Sorting NaNs

Paul Moore p.f.moore at gmail.com
Sat Jun 2 05:31:37 EDT 2018


On 2 June 2018 at 08:32, Peter J. Holzer <hjp-python at hjp.at> wrote:
> Browsing through older messages I came upon a thread discussing the
> treatment of NaNs by median(). Since you have to (partially) sort the
> values to compute the median, I played around with sorted():
>
> Python 3.5.3 (default, Jan 19 2017, 14:11:04)
> [GCC 6.3.0 20170118] on linux
> Type "help", "copyright", "credits" or "license" for more information.
>
>>>> sorted([3, 5, float('NaN'), 1])
> [3, 5, nan, 1]
>
> What? Does NaN cause sorted to return the original list?
>
>>>> sorted([3, 5, float('NaN'), 1, 0.5])
> [3, 5, nan, 0.5, 1]
>
> Nope. Does it partition the list into sublists, which are sorted
> individually?
>
>>>> sorted([3, 5, -8, float('NaN'), 1, 0.5])
> [-8, 0.5, 1, 3, 5, nan]
>>>> sorted([3, 5, -8, float('NaN'), 1, 0.5, 33])
> [-8, 0.5, 1, 3, 5, nan, 33]
>
> Also nope. It looks like NaNs just mess up sorting in an unpredictable
> way. Is this the intended behaviour or just an accident of
> implementation? (I think it's the latter: I can see how a sort algorithm
> which doesn't treat NaN specially would produce such results.)

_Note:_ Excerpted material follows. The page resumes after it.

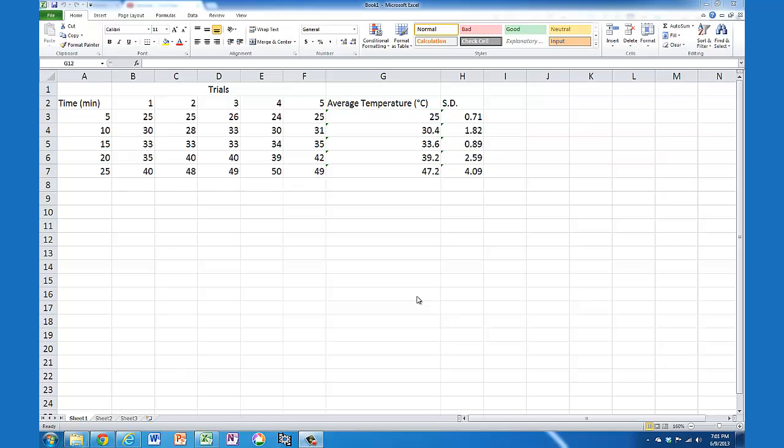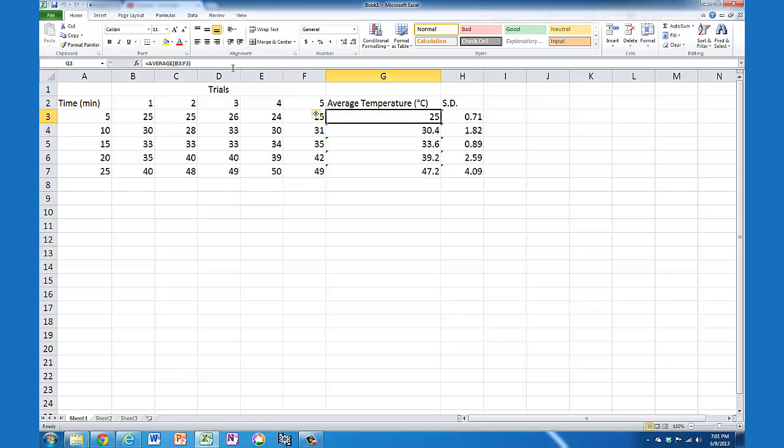I'm going to show you how to add standard deviation error bars to a graph. I've got here some arbitrary data with different times and five trials. I've calculated an average temperature using the average function and the standard deviation for a sample using that formula.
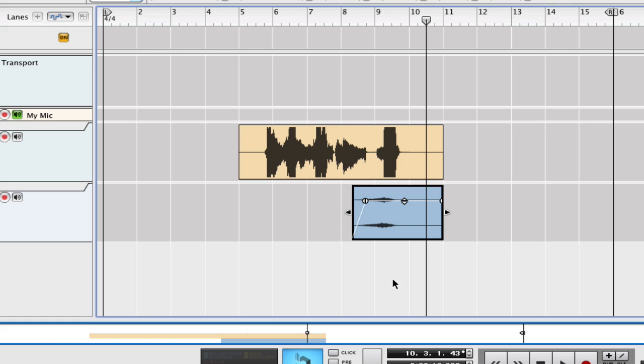It really is pretty simple. So, I hope it helps you out. That's how you create the reverse reverb effect in Reason.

I'd simply assume it's the result of two factors:

1. The behaviour of comparisons involving NaN values is weird (not
undefined, as far as I know NaN behaviour is very well defined, but
violates a number of normally fundamental properties of comparisons)
2. The precise behaviour of the sort algorithm use by Python is not
mandated by the language.

A consequence of (1) is that there is no meaningful definition of "a
sorted list of numbers" if that list includes NaN, as the definition
"being sorted" relies on properties like "only one of a < b and b < a
is true" (precisely which properties depend on how you define "sorted"
which no-one normally cares about because under normal assumptions
they are all equivalent). A list including NaNs therefore cannot be
permuted into a sorted order (which is the basic language-mandated
detail of sorted() - there are others, but this is what matters here).

So call it an accident of implementation of you like. Or "sorting a
list with NaNs in it is meaningless" if you prefer. Or "undefined
behaviour" if you're a fan of the language in the C standard.